Только гораздо позже, после войны, понял, что если бы не помощь партии, Военного совета фронта, Строкача и Ковпака, то и один конкретный, как сказал Вася, «частный дурак» вполне мог бы сорвать наш рейд.

Об этом командир 2–й Молдавской партизанской бригады Яков Шкрябач так записал в своей книге «Дорога в Молдавию»:

«Когда я, сидя над картой, намечал маршрут обоза, у меня возникла мысль, что по такому лесному коридору можно провести незамеченным крупное войсковое соединение, а затем внезапно ударить на Ковель, Луцк, Львов в обход группировки противника, державшейся в районе Шепетовки. Со своим предложением поехал к Сидору Артемьевичу Ковпаку.

Мы долго ходили по Собычину, обсуждая положение на наших боевых участках. Ковпак до этого также отправлял в Овруч обоз и тоже пришел к этой мысли. Но он предложил еще кое–что… Севернее, в Пинских болотах и Полесье, стояло много партизанских соединений и отрядов, которыми командовали Бегма, Сабуров, Иванов, Жуков, Таратута, Рудич, Мирковский, Сатановский, Яремчук и другие. Южнее находились первое Молдавское, Шепетовское, Каменец–Подольское и другие партизанские соединения. Ковпак считал необходимым объединить их, создать партизанский корпус и бросить его вперед, на Сарны, Ковель, Луцк, а вслед за ним вывести крупные соединения Красной Армии. «Дела этих партизанских отрядов кончаются, и из боевых хлопцев можно создать добрую армейскую единицу, способную глубоко вгрызаться в тылы врага», — рассуждал он.

Нас позвали обедать. За столом сидел незнакомый мне, приехавший от Бегмы, полковник. Сидор Артемьевич представил меня: «Оцэ наш сусид Шкрябач». Полковник молча подал мне руку, но не назвал себя.

Во время обеда Ковпак изложил свой план продвижения крупных войсковых сил в Полесье, а также рассказал о задуманном им объединении всех партизанских отрядов.

Некоторое время все молчали, а потом посыпались вопросы, касавшиеся, главным образом, деталей. Ковпак охотно принялся за разъяснения и собирался развернуть карту, как вдруг заговорил полковник.

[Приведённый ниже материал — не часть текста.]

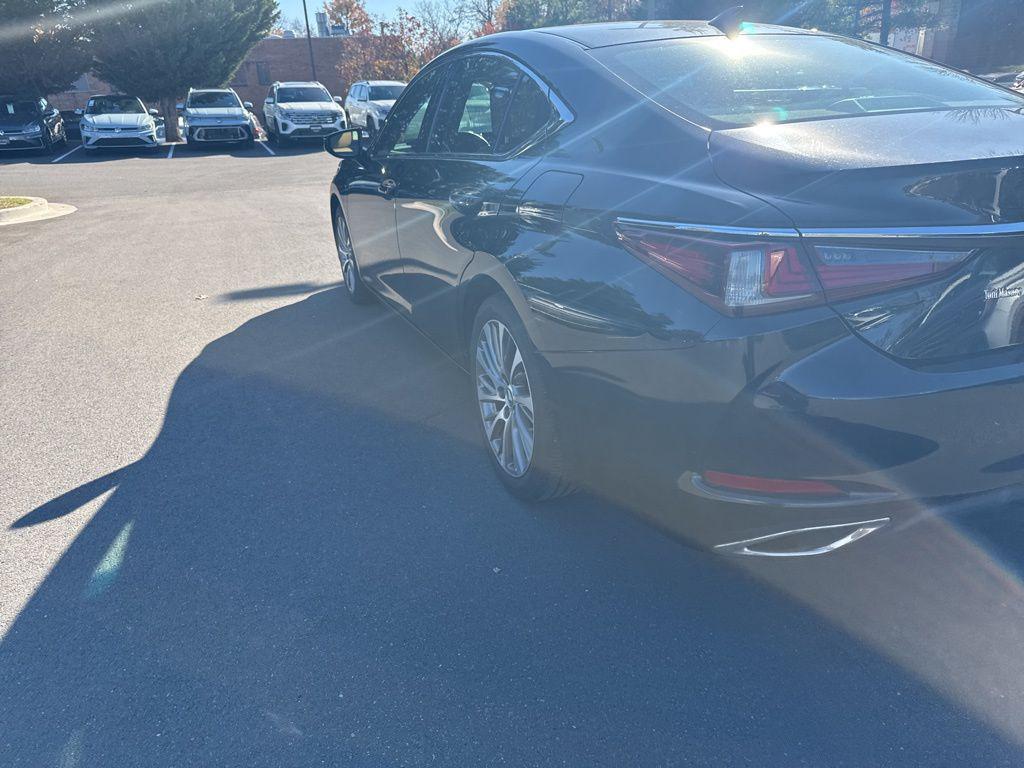 used 2019 Lexus ES 350 car, priced at $28,957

— Эта идея, Сидор Артемьевич, — полунебрежно заметил он, — на первый взгляд сулит большой стратегический успех. Но она совсем не продумана, фактически невыполнима и, как мне кажется, не годится…

— Чому ж вона не годытся? — спросил Ковпак.

— Трудно мне вам, Сидор Артемьевич, это объяснить, — вздохнул полковник. — Существует целая наука по этому вопросу, и тем, кто не изучал ее, все кажется чересчур простым и ясным…

— Так выходит я, по–твоему, дурак в военном деле? — поднял Ковпак глаза на полковника. — То есть, я не понимаю тактику?..

— Да что вы, Сидор Артемьевич?.. Я имел в виду то, что вы не изучали всех тонкостей военной науки, и задачи такого масштаба вам просто не по плечу… Это же крупный стратегический план!.. — примирительно, но с достоинством знатока проговорил полковник.

Ковпак вышел из себя. Он встал, уперся кулаками в стол.

— Вон!.. Щоб и духу твоего тут не було!.. Иш ты! Вин закончив академию, а всю войну просыдив за тысячу километров в штабе!.. Мы воювалы, а вин — бачь — якусь учену стратегию строив!..

— Да что вы, Сидор Артемьевич!.. Я же ничего не сказал обидного. Я только напомнил, что стратегия — весьма сложное дело! — извивался полковник.

— Войцехович! Павловский! Выпровадьте его!.. Чуете?.. Снарядите отделение из кавэскадрона и перебросьте через линию фронта сего стратега, — совсем рассердился Ковпак. — Вин мене учить приихав, колы война закинчуется!.. А ну, швидко!.. Через пивгодыны щоб його тут не було!